Published: 09-27-2024 3:12 PM

In her recent My Turn, Linda O’Rourke says that Rundlett Middle School “is quite literally falling apart and being held together by tape.” As a teacher, she knows the definition of hyperbole: “extravagant exaggeration.” Her statement is a textbook example. As the parent of a 2024 graduate of Rundlett, I’ve been in the building on many occasions, and my kid had a wonderful experience in her three years there. She came home each day talking about friends and teachers, classes and homework, social media and school lunches, the usual things that kids are concerned about. Rarely did she mention the building itself, and certainly never as it being the catastrophe that Ms. O’Rourke depicts.

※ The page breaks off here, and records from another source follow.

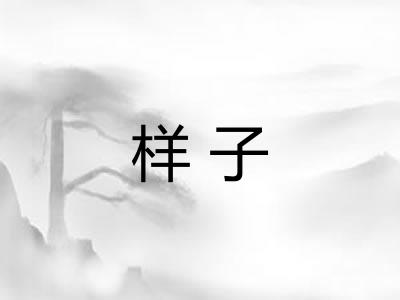 样子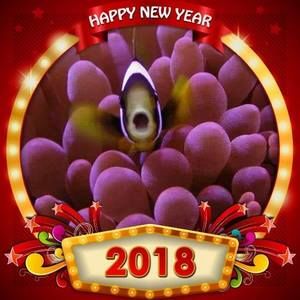 Meet your Posher, Doug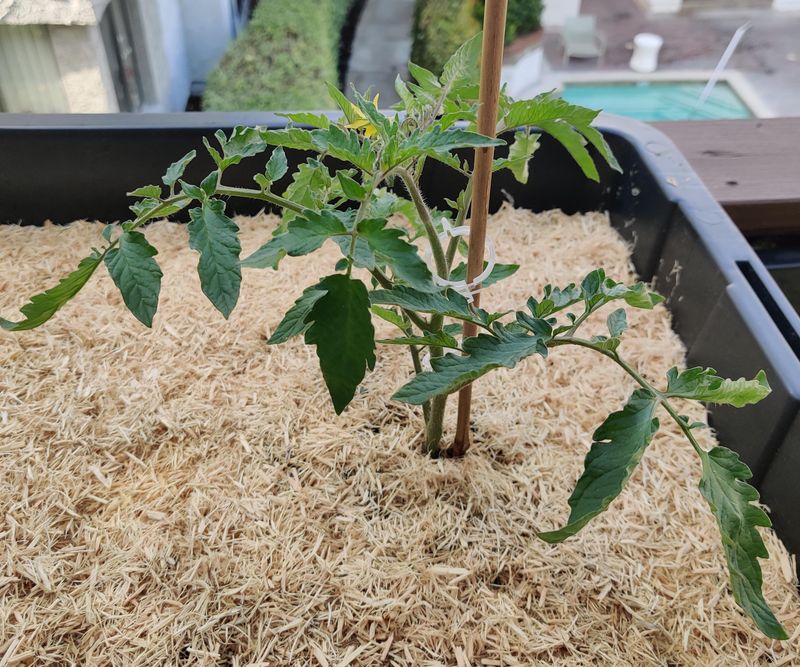 Mulch To Keep Soil Cooler And Reduce Moisture Loss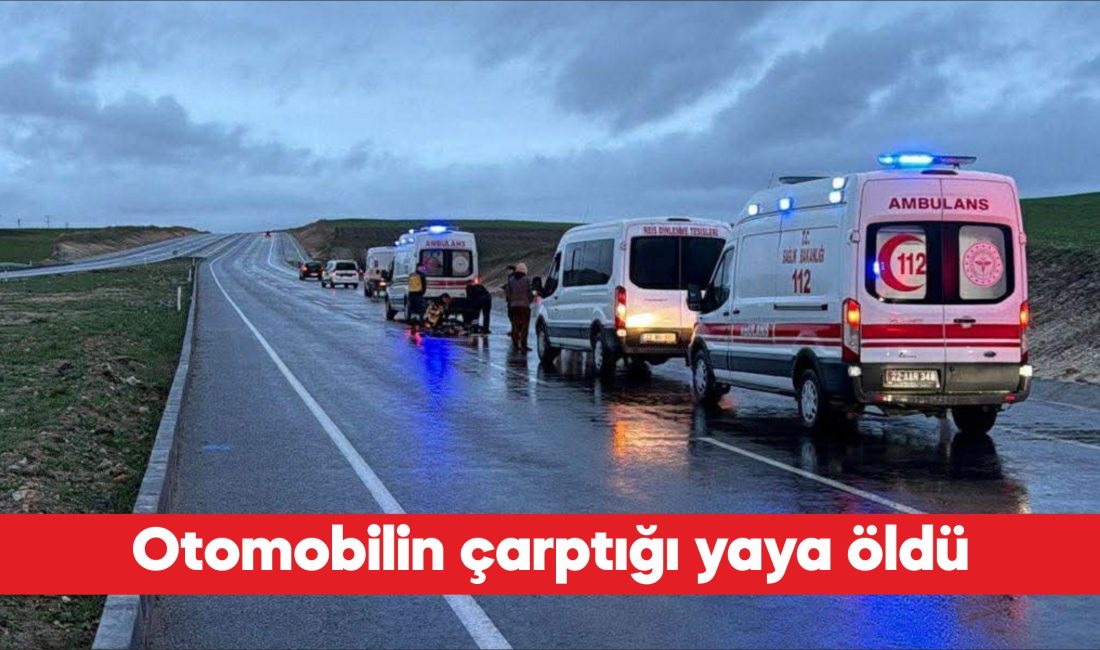 Edirne’de otomobilin çarptığı yaya hayatını kaybetti. M.İ’nin kullandığı 10 AHG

The regrettable effect of Ms. O’Rourke’s hyperbole is that it triggers emotions and raises anxiety that can hurry well-intentioned people into short-sighted decisions with long-term outcomes. Few people, including me, doubt that a new middle school is needed. But to further burden already exhausted taxpayers, to destroy over twenty acres of pristine forest and wildlife habitat, and to exacerbate the existing traffic snafu at Broken Ground in order to build as quickly as possible smacks of a panic-button reaction rather than a calm consideration of what makes for excellent education, fiscal responsibility, environmental preservation, and traffic and student safety.